東京大学大学院理学系研究科 博士課程大学院生の平野照幸氏らのグループは、太陽系外にある4重惑星系候補であるKOI-94(Kepler Object of Interest カタログの94番)を2012年8月10日にすばる望遠鏡で観測し、内側から3番目に位置する惑星の公転軸と中心星の自転軸がほぼ平行であることを発見した。米国のケプラー衛星によって定期的にモニター観測・公開されているこの中心星の明るさの変化のデータから、この系には周期的に中心星の前を横切る「トランジット現象」を起こす惑星(トランジット惑星)が4つ存在していることはすでに知られていた。平野氏は、この公開データを再解析することで、2010年1月14日から15日にかけて、内側から3番目(公転周期約22日)と4番目(公転周期約54日)に位置する2つの惑星が同時にトランジットを起こし、かつさらにそれら同士もまた互いに食を起こすという極めてまれな現象が起こっていることを見いだした。

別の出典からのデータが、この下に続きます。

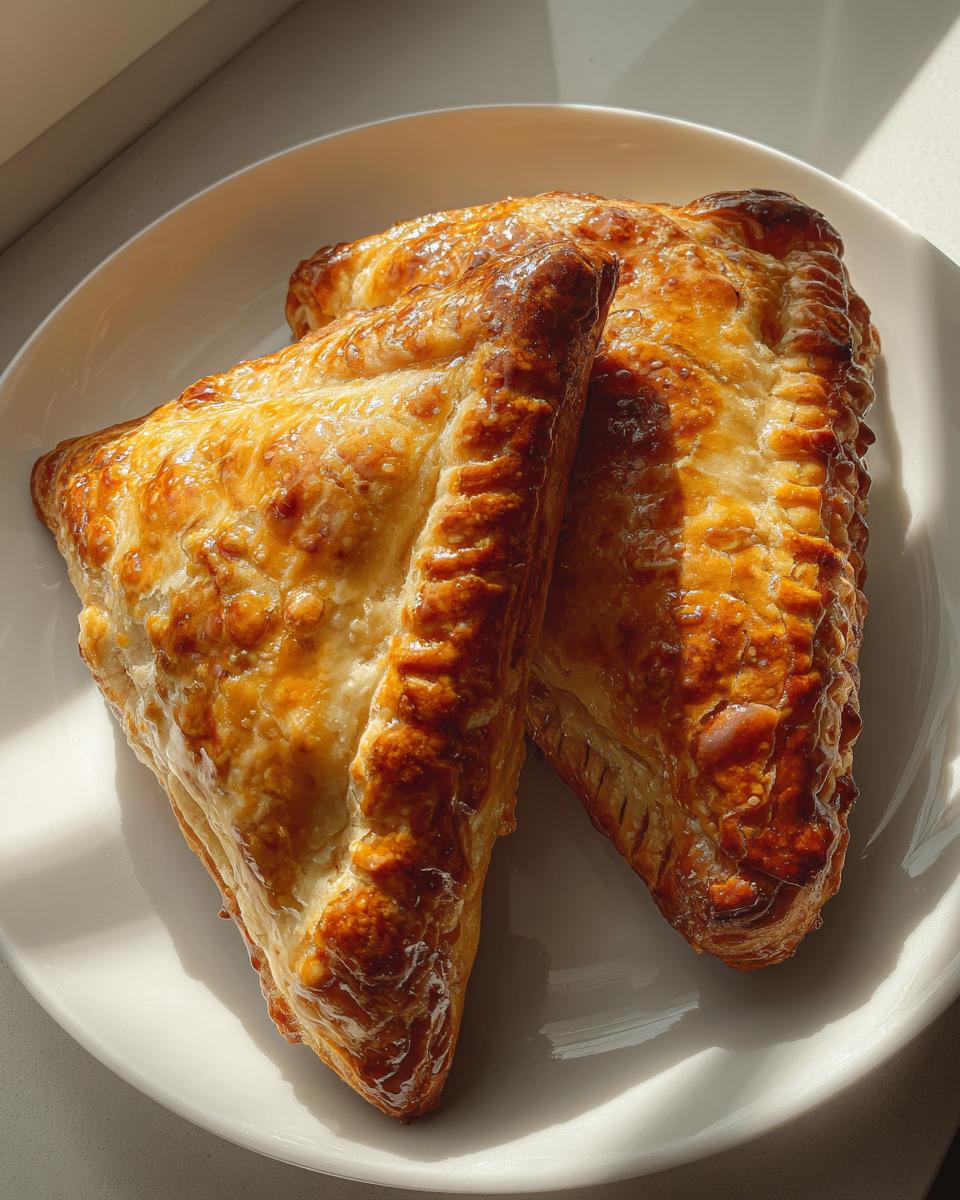 Irresistible Apple Turnovers That Crackle With Every Bite 7 Apple Turnovers - detail 2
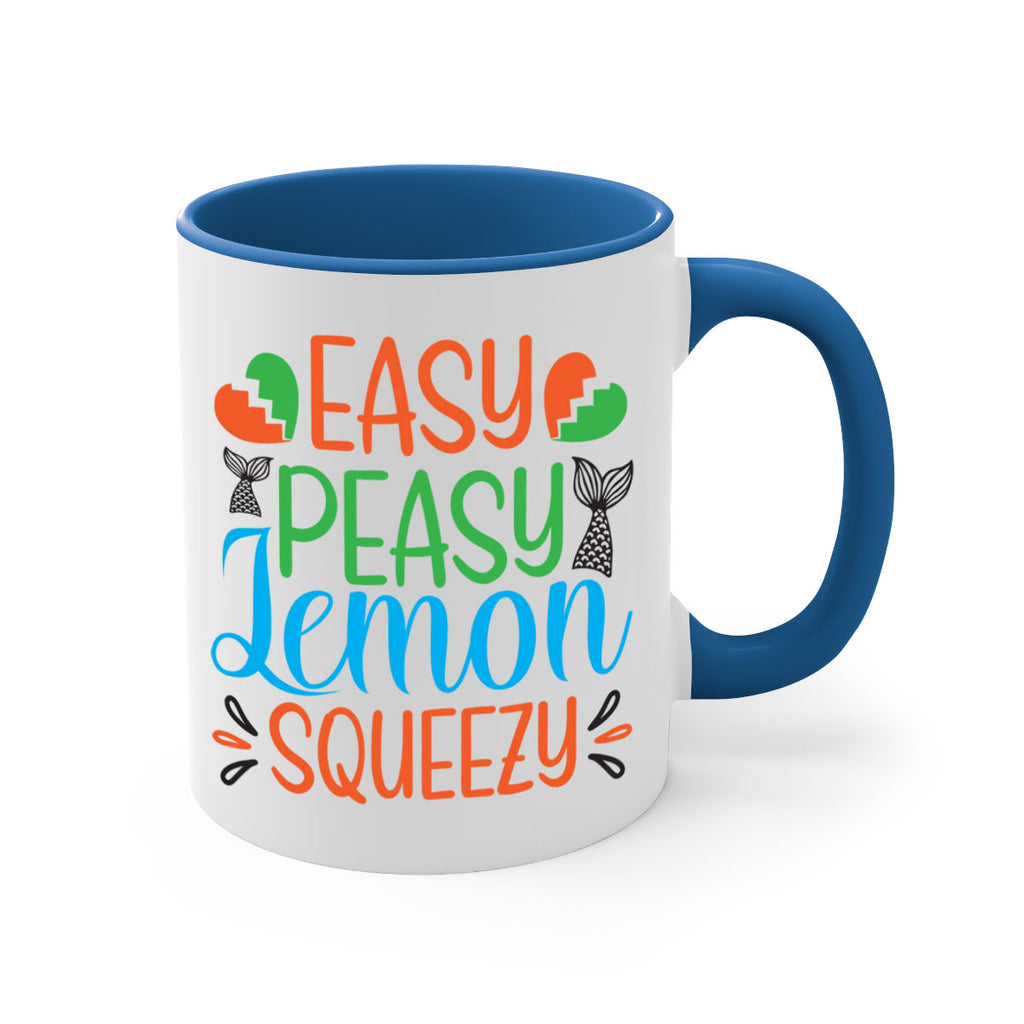Easy Peasy Lemon Squeezy 158#- mermaid-Mug / Coffee Cup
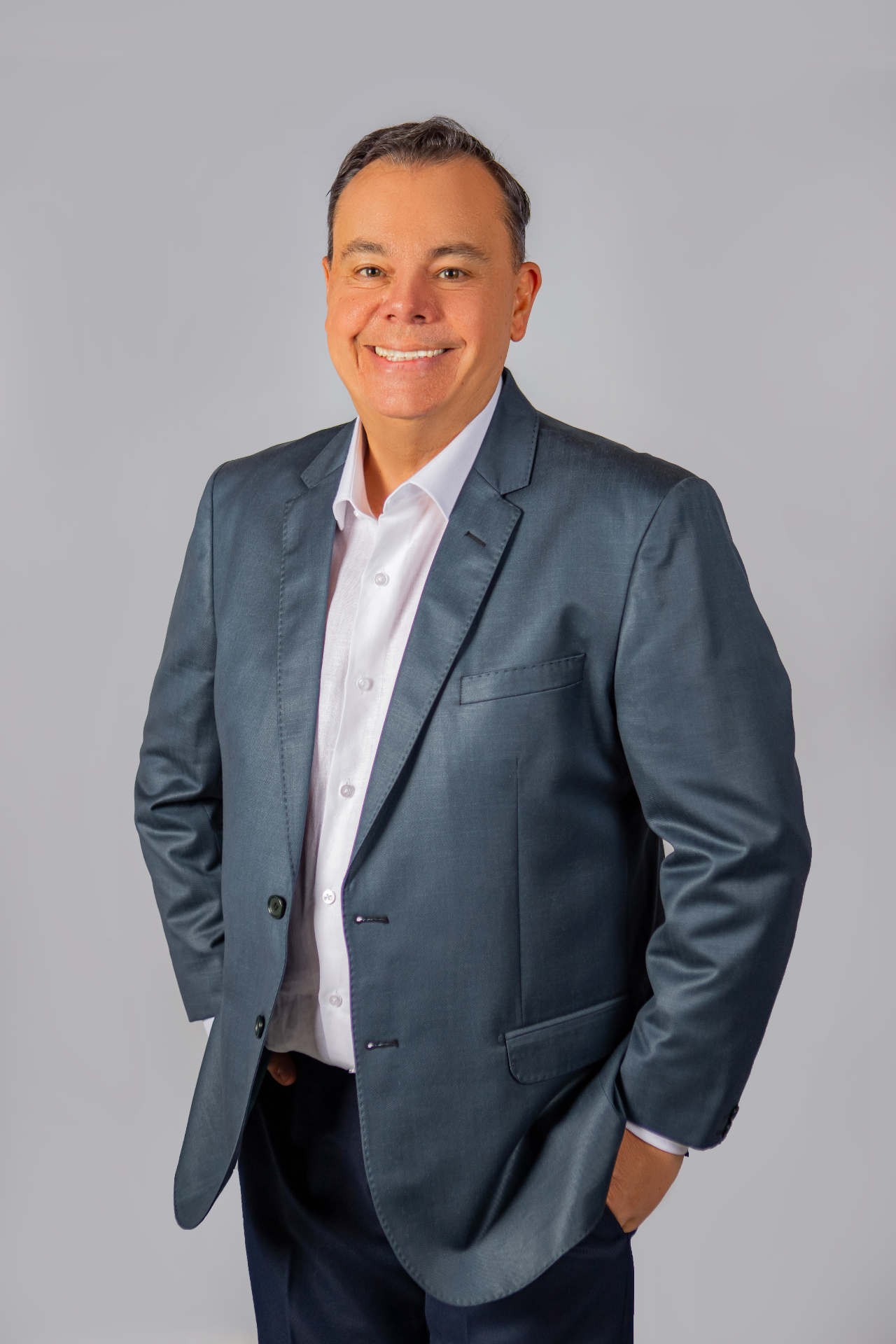 Dr. Alexandre Rossani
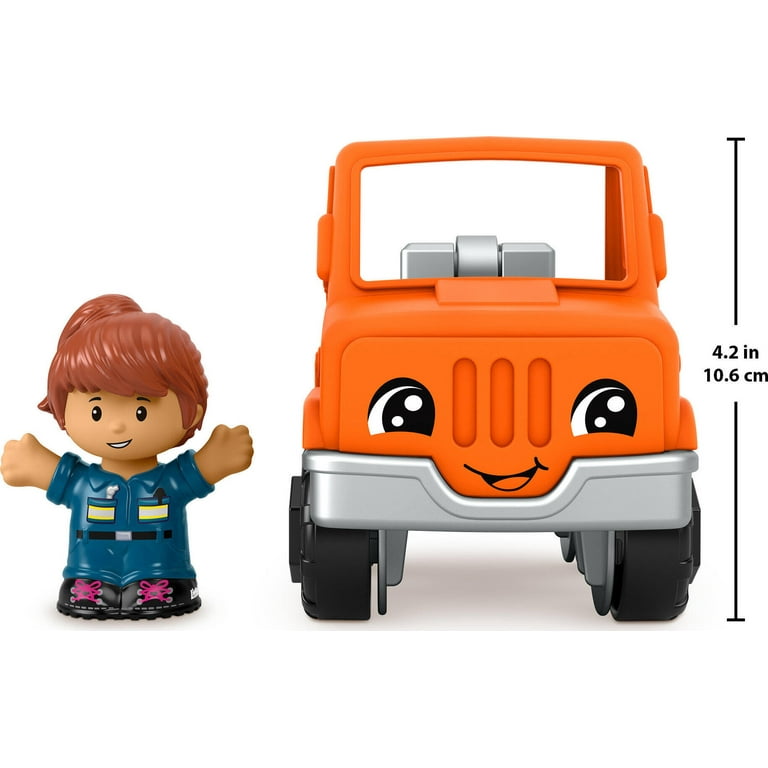 Little hotsell people jeep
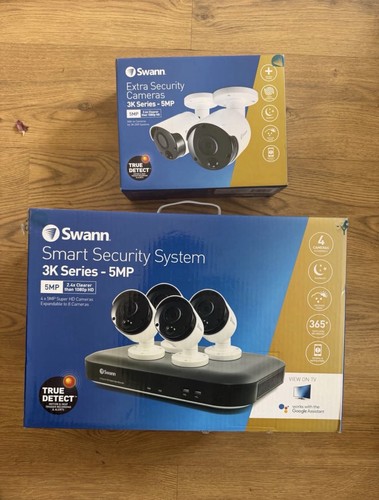 Swann smart security - swann,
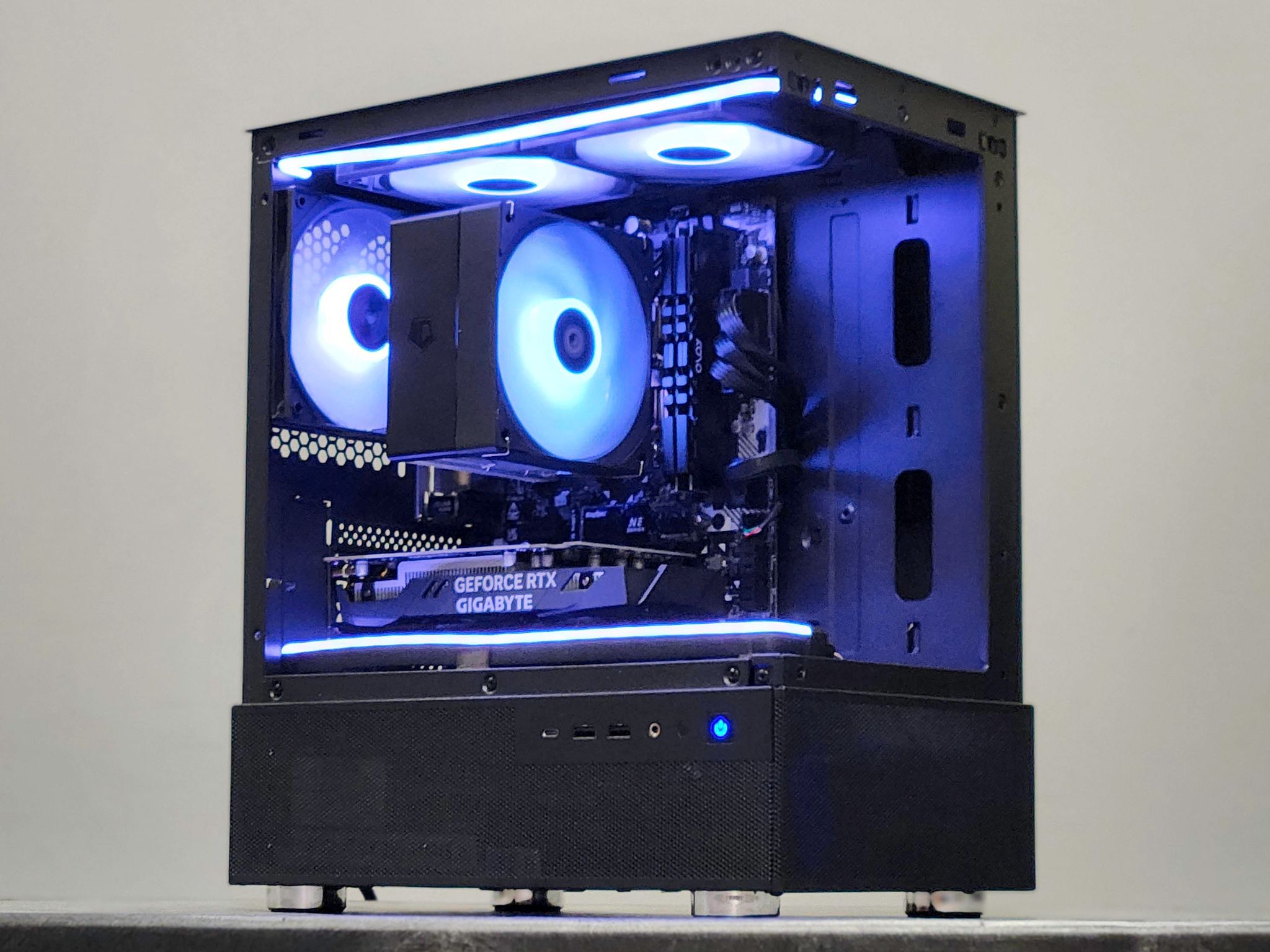 Ryzen 5 5500 | RTX 3050 | 16G DDR4 | 1TB SSD | Gaming PC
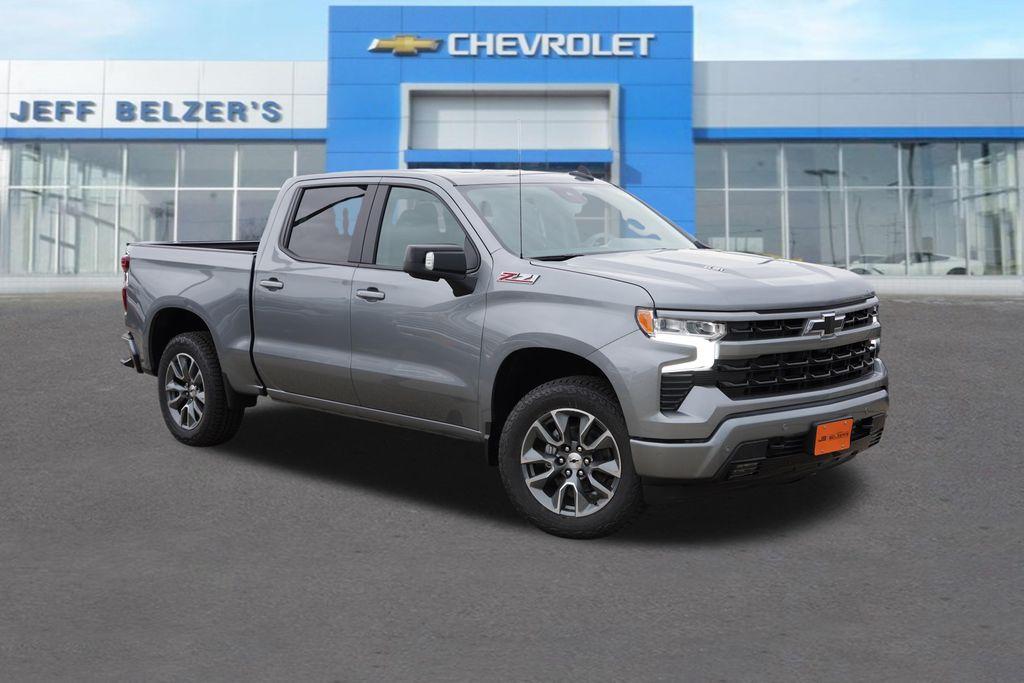 New 2026 Chevrolet Silverado 1500 RST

今回の研究で得られたKOI-94系の概念図 © 増田賢人
すばるの観測データからKOI-94.01(内側から3番目の惑星候補)の公転軸と中心星の自転軸が、またケプラーによる惑星食の解析からKOI-94.01とKOI-94.03(内側から4番目の惑星候補)の公転軸が、それぞれよく揃っていることが明らかとなった。

これは2つの惑星の公転軌道面がほとんどぴったり一致していない限り説明できないことが推測できる。そこで、実際に観測データを詳細に解析した結果、この2つの惑星は同じ向きに公転しており、それらの公転軌道面は2度以下の精度で一致していることがわかった。さらにすばる望遠鏡の観測結果と組み合わせれば、太陽系と同じく、中心星の自転軸と、複数の惑星の公転軸が高い精度で揃っていることが結論づけられた。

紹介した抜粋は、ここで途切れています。